We’re happy to announce yet another Native Language Pack for Salience, and I’m happy to announce that I learned a new word today. The language is Korean, and the word is “agglutinative”. Let me explain:
Korean is very distinct, because unlike Chinese or Japanese, Korean characters are phonetic rather than pictographic. Meaning that Korean characters represent sounds, where as Chinese and Japanese characters represent a complete idea or word. As such, Korean presented a whole host of different difficulties for text analysis.
The wonderful Carl Lambrecht took some time out of his busy schedule to give me the scoop on developing Korean language support. According to him, Korean is not only phonetic, but also agglutinative. Agglutinative, my new favorite word, describes a language where you can mash words together to make new words. Instead of having the adjective be a separate word, for example, the adjective and the noun it is modifying are smooshed into one word. Germanic languages like, oh say, German, tend to be agglutinative as well.

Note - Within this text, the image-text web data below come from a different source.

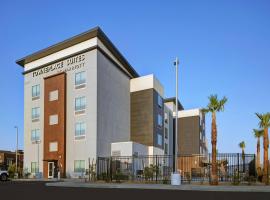 TownePlace Suites by Marriott Phoenix Glendale Sports & Entertainment District，位于格伦代尔凤凰城大学体育馆附近的酒店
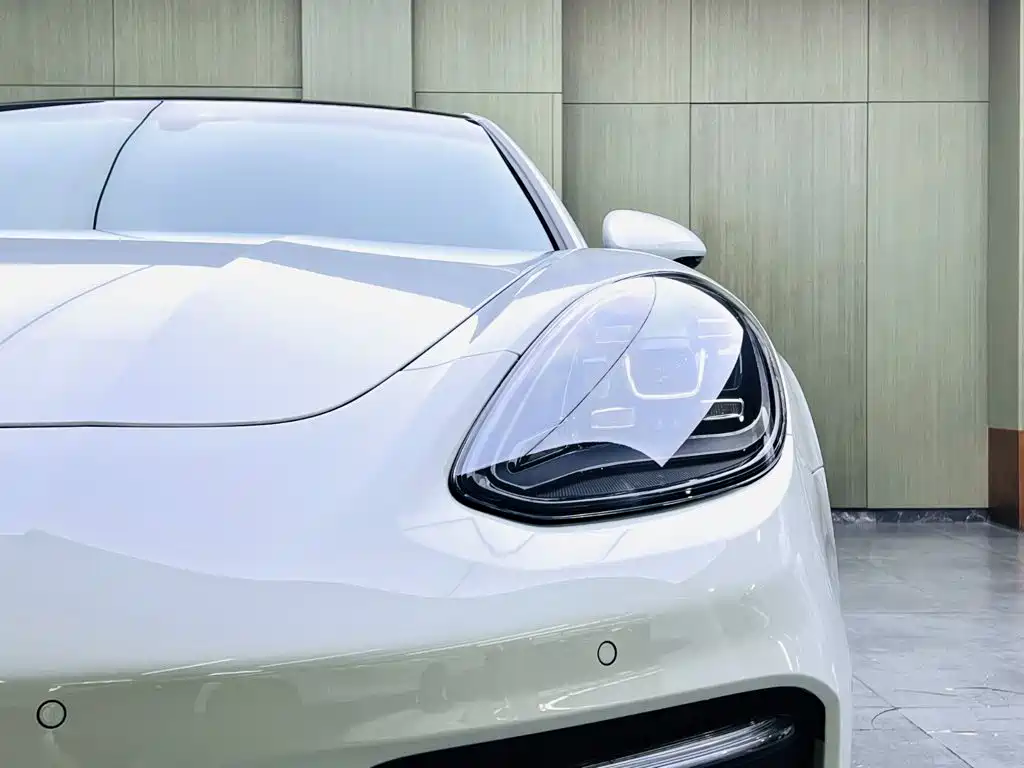 Porsche Panamera — фото 7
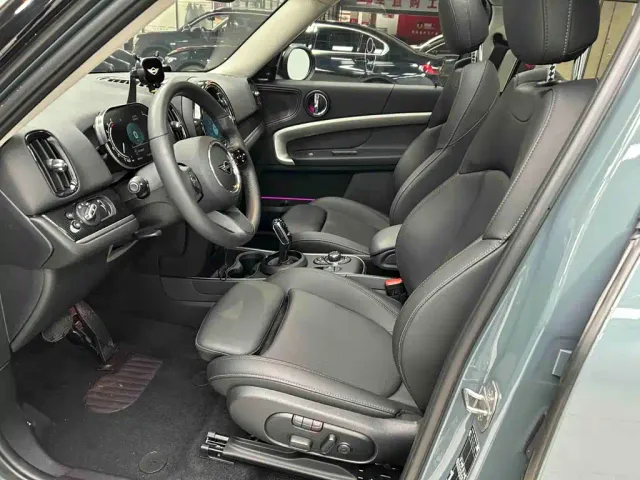MINI Countryman — Фото автомобиля 16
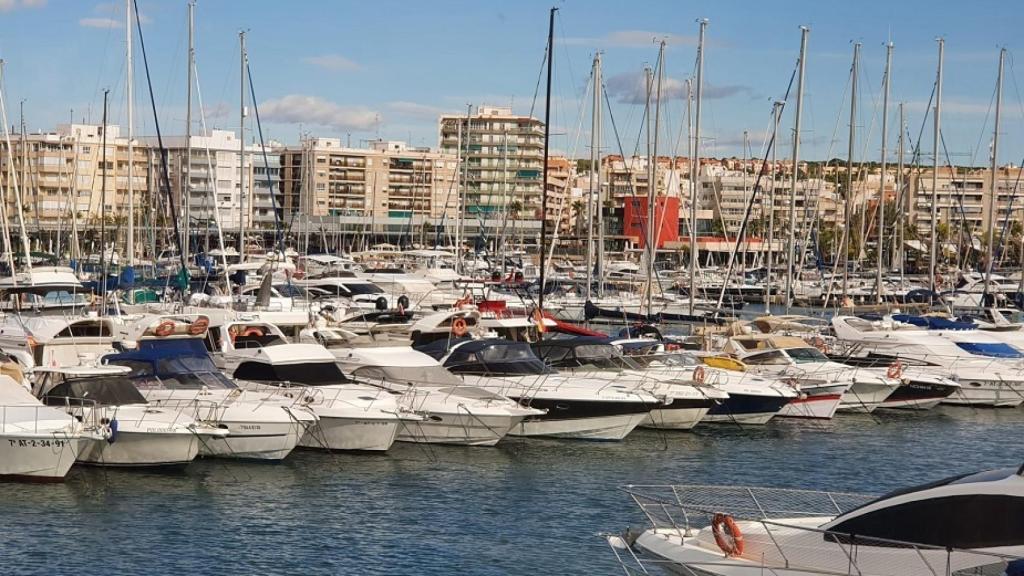 Foto de archivo de un puerto español.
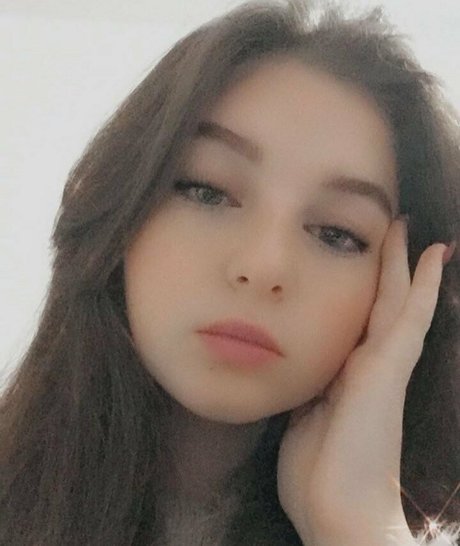 valya_ pornstar hd img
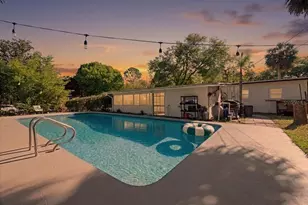 106 E Jinkins Cir, Sanford, FL 32773 - Photo 6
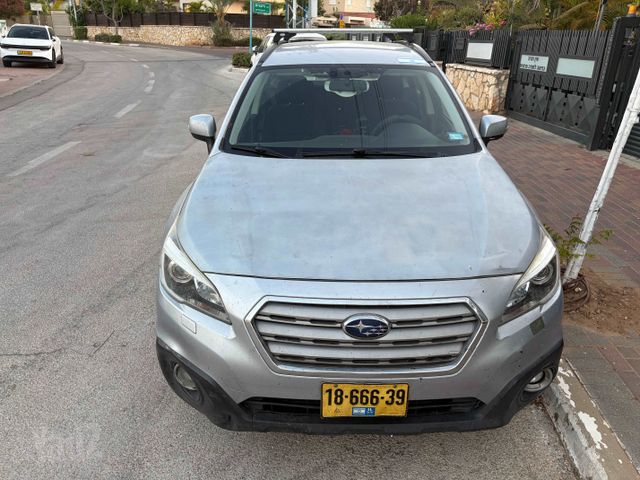 סובארו אאוטבק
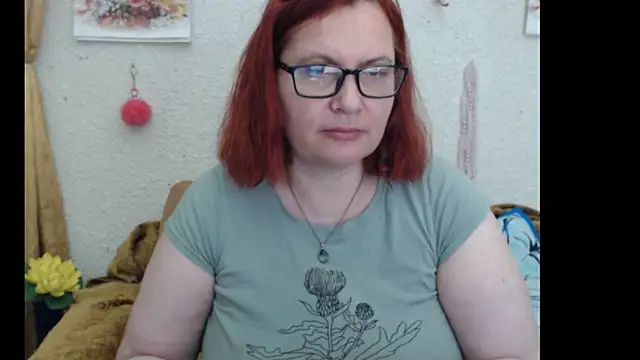 Snapshot of PlayfullMature chatting on October 14, 3:57 pm PlayfullMature online show from October 14, 3:57 pm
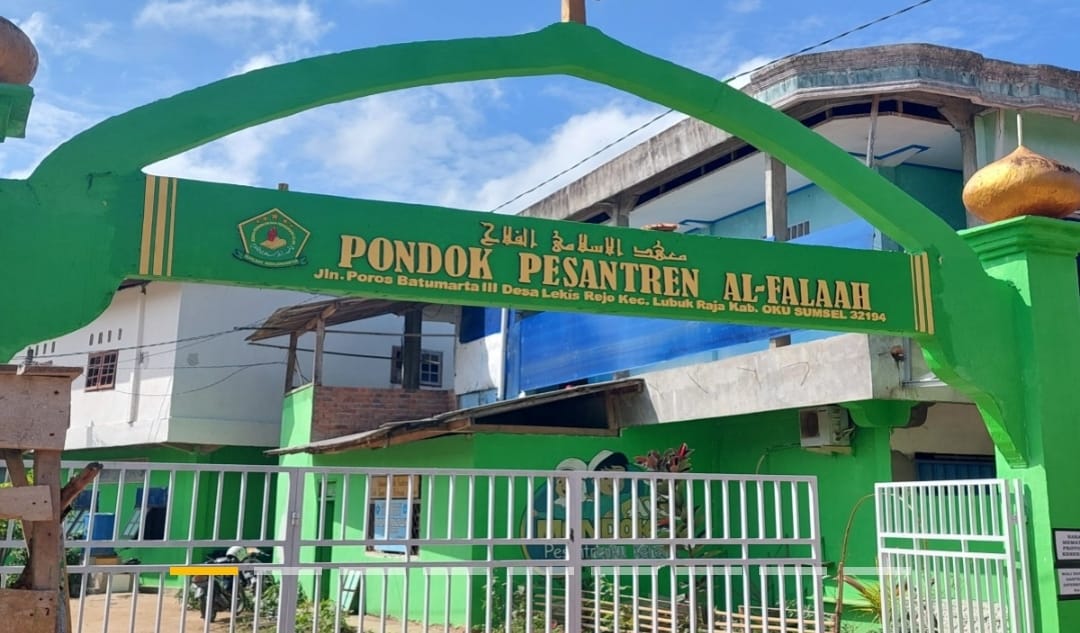 Silahturahmi H. Teddy Meilwansyah Ke Pondok Pesantren Yayasan Al-Falah di Desa Lekis Rejo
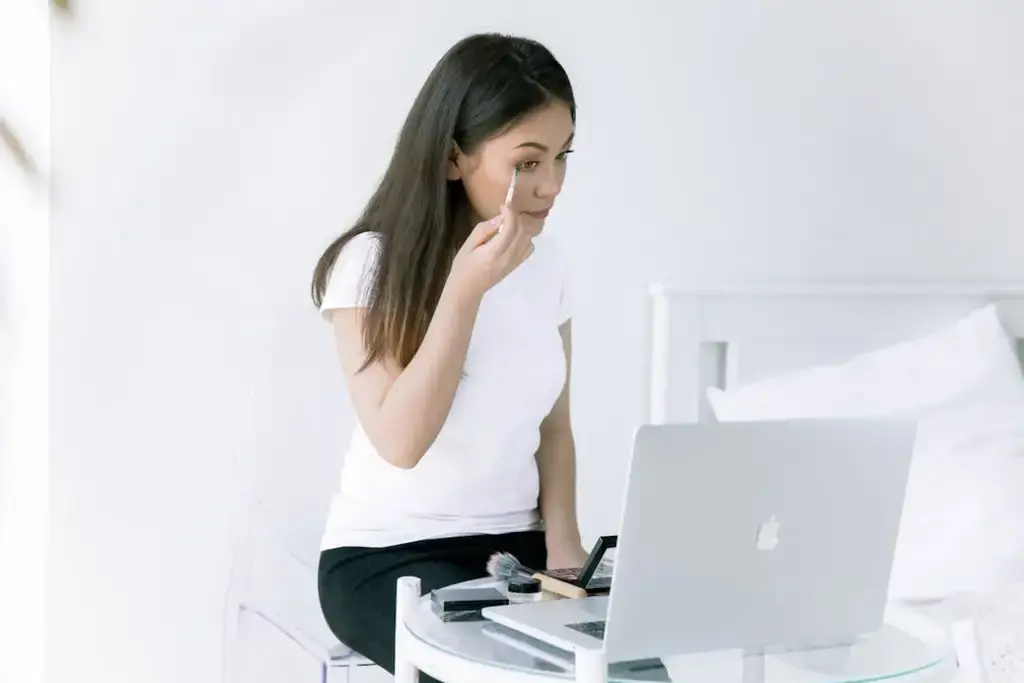 台灣名媛御用！佘詩曼代言護膚品，秒變凍齡女神的秘密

Sometimes when the words are combined, they bleed into each other, making it very difficult for a text mining engine to separate and identify them. This required adding to our tag set so Salience could identify that a word is, say, a noun with some sort of suffix attached to it.
Each new language presents its own unique challenges, and our engineers are constantly finding new and creative ways to conquer those challenges. Korean is no different. Just as always, our latest language addition uses a native language approach, enlisting native speakers to develop our files, and parsing in the original language, so nothing is ever lost in translation.